To execute the pivot and shoulder turn, pivot with your outside foot and transfer your weight to that foot. Get the heel of your inside foot up. At the same time, turn you shoulders sideways. Pivoting with your outside foot opens up your hips. This makes it easier to turn your shoulders sideways.
The pivot and shoulder turn starts your racket takeback. Your arms DO NOT DO ANYTHING during this step. Both hands should stay on the tennis racket and your arms should not move side-to-side. The racket starts to come back because your shoulders are turning sideways. Just to be absolulely clear, it is a BIG and VERY COMMON mistake to use your arms to take the racket back during this step.
1:00 minute into the video we go to the FYB TV screen and watch Sacha Jones pivot and turn her shoulders. She is an up-and-coming New Zealand tennis player who recently turned pro and these clips are from a July 2008 Washington Kastles World Team Tennis match. To start her forehand, Sacha pivots with her outside foot, transfers her weight to that foot and gets the heel of her inside foot up. At the same time, her shoulders turn sideways and her racket starts to come back. At 1:20 we clip to the back perspective to emphasize that her racket is coming back by virute of her shoulder turn and NOT because her arms are moving side-to-side.

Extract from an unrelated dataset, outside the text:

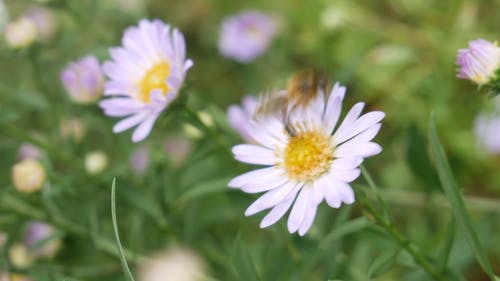 一只蜜蜂从花田飞走 · 免费素材视频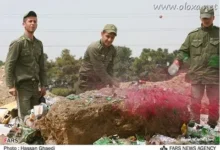 image0032 thumb5B15D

At 1:45 in the video we look at some pictures of Frenchman Gael Monfils pivoting and turning his shoulders. These pictures are from the 2007 Legg Mason Tennis Classic in Washington, DC. In 2008 Monfils made it to the semifinals of the French Open and has the record for the hardest forehand every hit at around 120 mph. In the first picture Monfils is in the air, halfway through his split step. In the second picture, Monfils has pivoted and turned his shoulders. We move in on his feet to see that the has pivoted with his outside foot, transferred his weight ot that foot and gotten the heel of his inside foot up. Scrolling up the picture, we see that that footwork has opened up his hips, allowing him to turn his shoulders sideways more easily.
Pulling back to look at the whole picture we can see that because his shoulders have turned sideways the tennis racket has started to come back even though he hasn’t used his arms yet. They are still in line with his body. It’s also very important to note that both his hands are still on the tennis racket.